Immigration Altercation
In his book Management Challenges for the 21st Century, Peter Drucker wrote that he considered the pressures of immigration to be as inescapable as the law of gravity. But, he added, “there is no more inflammatory issue than large-scale immigration, especially from countries of different cultures and religions.”
This week, the United States Senate passed a 1,200-page immigration bill, the first such major overhaul since 1986, potentially raising the number of immigrants that will be permitted into the country, increasing security along the border and setting the course for the legalization and eventual citizenship of an estimated 11 million unauthorized immigrants. Now the bill goes to the House. Emotions have indeed run high. Opponents of the bill say they’ve been “betrayed” by Republicans such as Marco Rubio supporting the bill. Supporters chanted jubilantly in the Senate gallery, according to CNN.
In short, it’s certain that immigration is an inflammatory topic. But what about the merits of admitting an increased number of people and legalizing those already here?
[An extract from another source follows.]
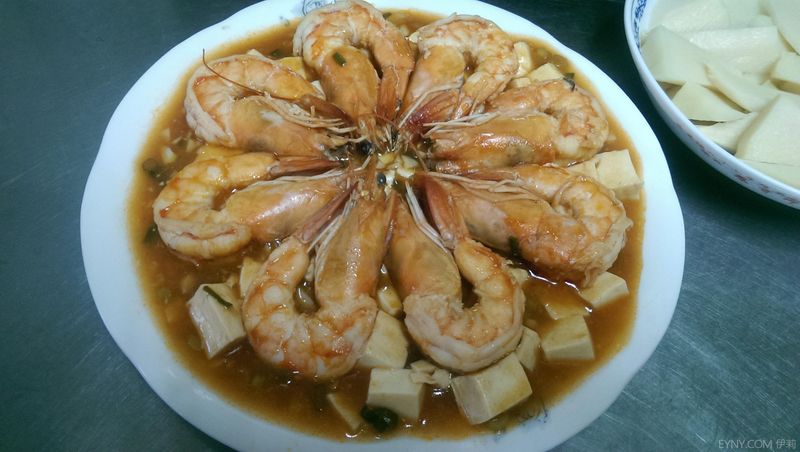 茄汁蒜蓉鮮蝦佐豆腐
In Managing in the Next Society, published in 2002, Drucker expressed an optimistic view of the effects of high immigration, writing, “America’s experience of immigration should give it a lead in the developed world for several decades to come.” Because of the large number of immigrants who had come to the United States legally and illegally since the 1970s, the country’s population would continue to grow. Moreover, the nation was good at assimilation. “In fact, recent immigrants, whether Hispanics or Asians, may be integrating faster than ever,” Drucker noted.
Drucker viewed the “American concept of ‘economic interest’ as an effective and unifying political force” that had also been crucial to the nation’s survival. In the 19th century, as Drucker pointed out in Men, Ideas, and Politics, a “new tidal wave of immigrants of different social background, national origin and religious allegiance always arrived long before the preceding wave of immigrants had been absorbed.” Absent such a force, the “ideological, philosophical, or religious cleavages might have been fatal.”
In other works, however, Drucker sounded a more cautious note. In Managing in a Time of Great Change, written in 1995, Drucker advocated helping poorer countries to develop their economic capacities. “The alternative is to be inundated by a mass immigration of unskilled or low-skilled people for whom there are no jobs at home,” he wrote. “And as events in Germany (but also in Los Angeles) show only too clearly, such immigration already exceeds what is socially and politically manageable.”
And Drucker viewed immigration without assimilation to be, at best, unwise. America was originally a “melting pot,” Drucker declared in Post-Capitalist Society. “In the last 30 years, this has become highly unfashionable,” he added. “Any attempt to make new groups into ‘Americans’ is considered discrimination; yet only 60 years ago the attempt to prevent such groups from becoming ‘Americans’ would have been discrimination.”
What do you think are the strengths and weaknesses of America’s immigration policy?